Jinsei: Designing for blood transfusion testing in Disaster Relief

by Ayan Bhandari

Currently, the blood testing process is not sufficient enough to meet the needs during a natural disaster. In the Pakistan earthquake of 2005, 600,000 units of blood were requested within the first 72 hours. Since blood takes over 8 hours to be fully tested, all 600,000 units made it but only 300,000 were used because it was too late, most of the people that needed the blood had died. The rest of the units were discarded because of storage issues. Technology is advancing, and we are developing faster and more sufficient ways to test blood. The FDA is approving methods of rapid screen testing whole blood for multiple diseases, especially the ones required to test donated blood for transfusion. These include HIV, Hepatitis B and C, and Syphilis. By combining the advancements of disease testing and the process of industrial design, a faster, more efficient way of testing blood is possible. We can test blood in twenty minutes and have it get to a site in more than half the time.
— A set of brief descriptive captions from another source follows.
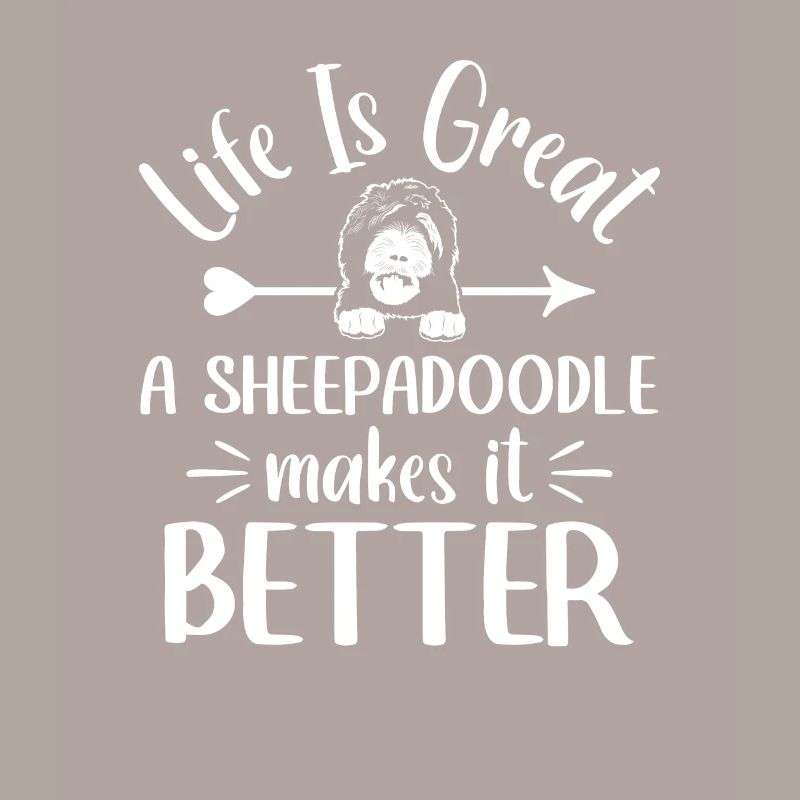 Sheepadoodle Doodle Hund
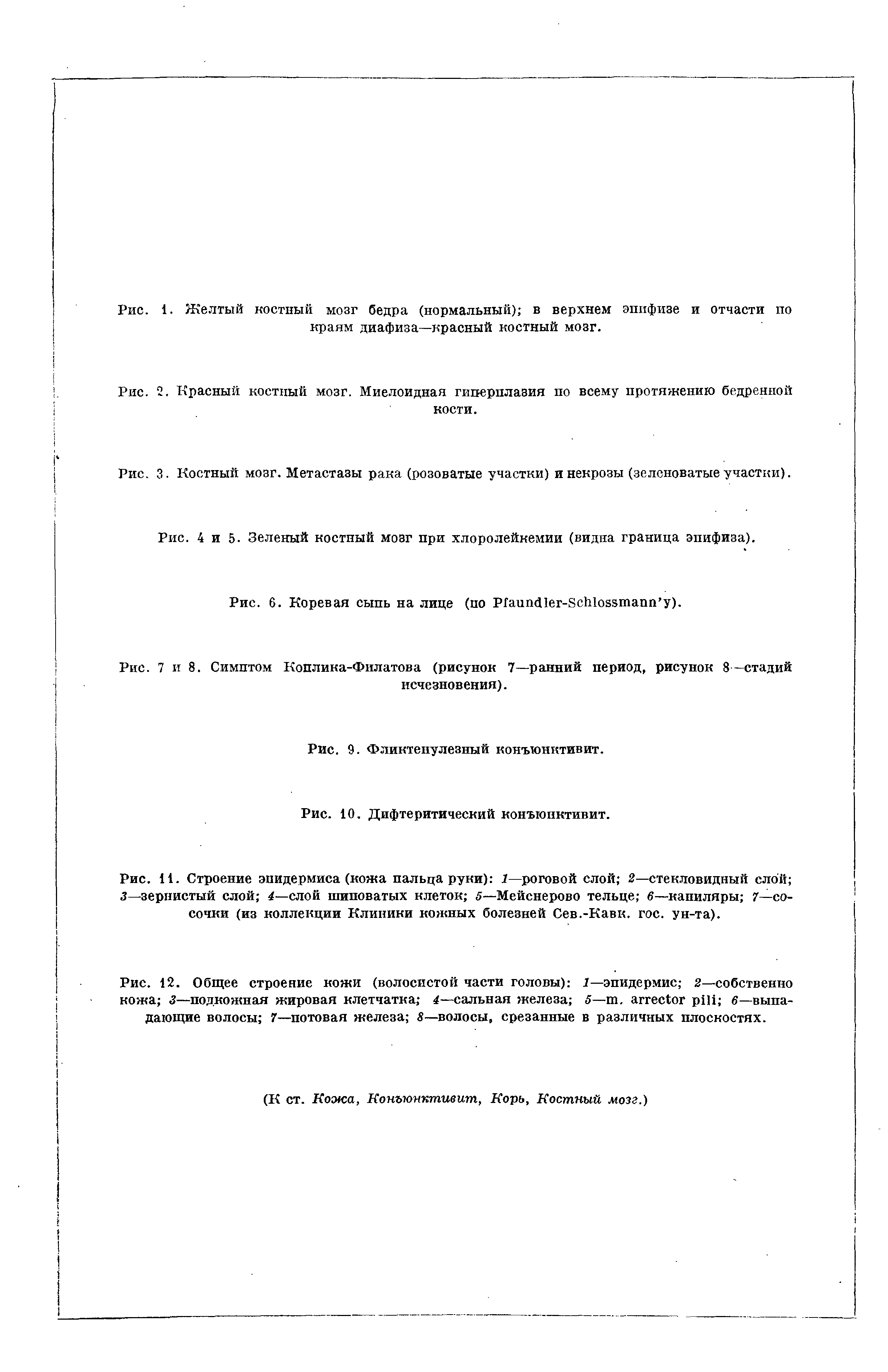 Рис. 11. Строение эпидермиса (кожа пальца руки) 1—роговой слой 2—стекловидный слой 3—зернистый слой 4—слой шиповатых клеток 5—Мейснерово тельце в—капиляры 7—сосочки (из коллекции Клиники кожных болезней Сев.-Кавк. гос. ун-та).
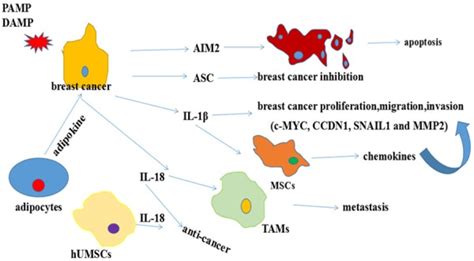 The Contrasting Roles Of Inflammasomes In Cancer Abstract Europe Pmc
We can save more lives and keep the process more efficient. Jinsei is the Japanese word for life , by re-designing a faster way to test donated blood for HIV, Hepatitis B, Hepatitis C, and Syphilis we can send blood units to a disaster site faster and save more lives. Jinsei is friendly, efficient, and cost effective. Instead of using four to eight vials to test for different diseases we only have to use one or two, allowing for a more sustainable approach. The threading and cap allows the blood to be stored longer without letting it thaw, therefore making it re-testable in the future. Blood is the fragile scarlet tree we carry within us and we must protect it and use it to save those in need.